Performance — incremental reparse #

Raw measured numbers, both runtimes, hardened against dead-code elimination (results are observed via a sink) and taken in steady state (20 000 warmup iterations). The grammar is a document of N (digits); groups; the edits are a token-level edit (inside one digit run) and a block-level edit (insert a structural +); the full column is a full reparse of the same document for reference.

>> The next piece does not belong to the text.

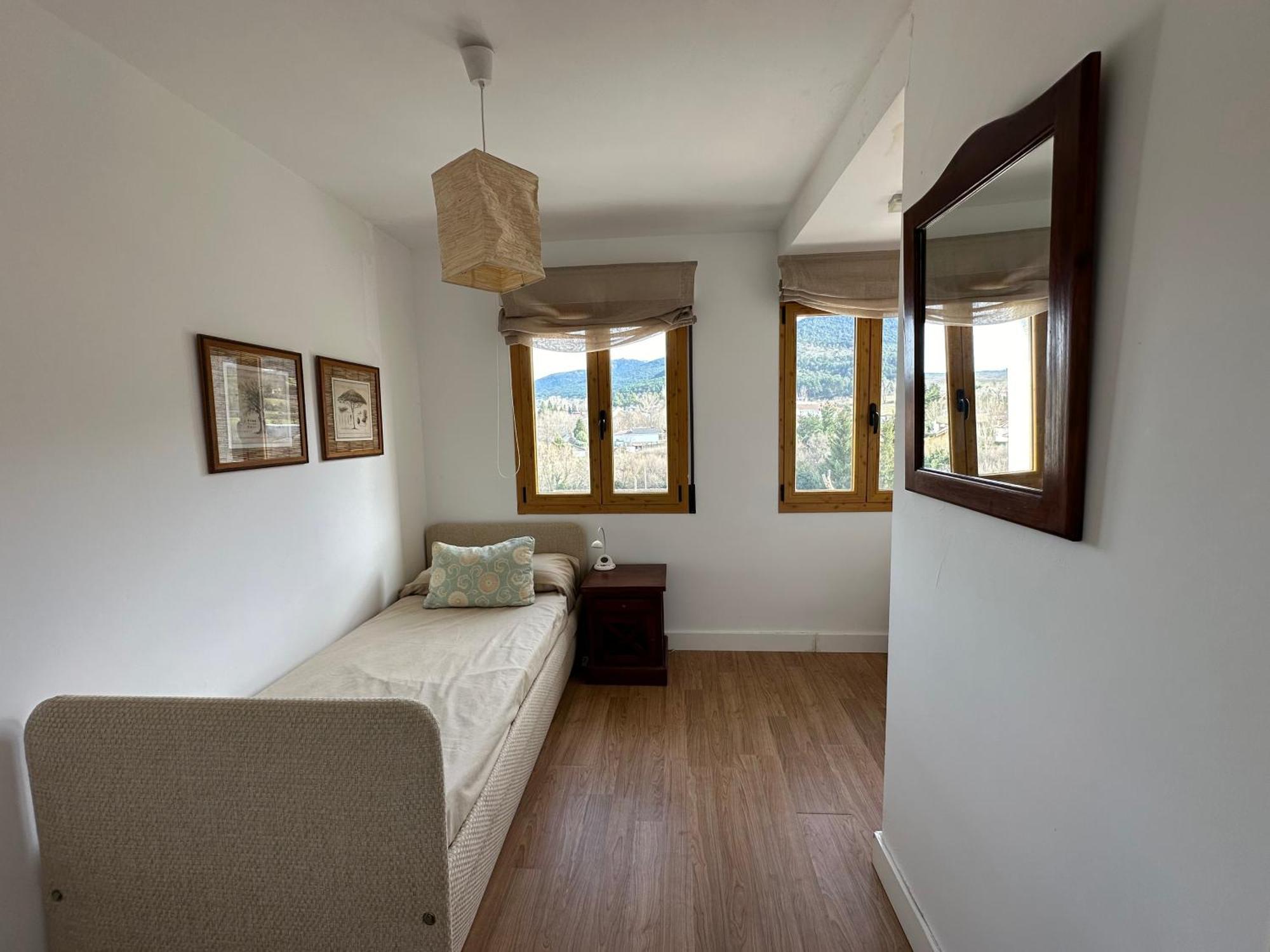 Apartamento Piso centrico en El Espinar Exterior foto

Document AOT token AOT block AOT full WASM token WASM block WASM full
100 1.5 μs 2.5 μs 92 μs 0.4 μs 1.4 μs 65 μs
1 000 8.2 μs 8.9 μs 898 μs 2.5 μs 3.9 μs 774 μs
10 000 73 μs 76 μs 11 516 μs 22 μs 25 μs 11 006 μs

AOT is dart compile exe; WASM is dart compile wasm run under V8 via Deno — two separate runtimes, reported independently. Reproduce from rumil_bench/:

tool/run_both.sh bin/bench_incremental.dart   # Deno required for WASM

Notes #

  • The green/red layer is additive: existing consumers that produce plain values (parseJsonJsonValue, etc.) are untouched. Green trees are an opt-in output shape for consumers that need lossless, positional, or incrementally-updatable trees (LSPs, linters, formatters, code generators).
  • _equality helpers (listEquals/mapEquals/listHash/mapHash, plus new setEquals/setHash) moved from rumil_parsers into rumil core as package:rumil exports — one canonical source for both layers.

0.7.1 #

LineIndex for O(log n) line/column resolution, and a hot/cold split of the interpreter dispatch that lifts the format-parser suite 4–6%. Additive on the public surface — Location, existing combinators, and the rest are unchanged.

Added #

  • LineIndex(source): builds a sorted array of every \n offset in [source] in one O(n) pass, backed by a Uint32List. Subsequent locationAt(offset) queries run in O(log n) via binary search and return a [Location] with precomputed line, column, and offset (instead of the lazy O(n) walk and O(column) backwalk that [Location] performs by default). spanAt(start, end) resolves both endpoints of a [Span] in one pair of lookups.

    Motivated by streaming parsers (NDJSON, multi-document YAML) that produce many errors against the same input: rendering N errors to line:column was O(N·n) without an index, O(N·log n) with one. Line-terminator policy: \n is the sole terminator; \r is a regular character; callers normalize at the editor or LSP boundary before building the index. Column encoding is UTF-16 code units, matching the LSP default.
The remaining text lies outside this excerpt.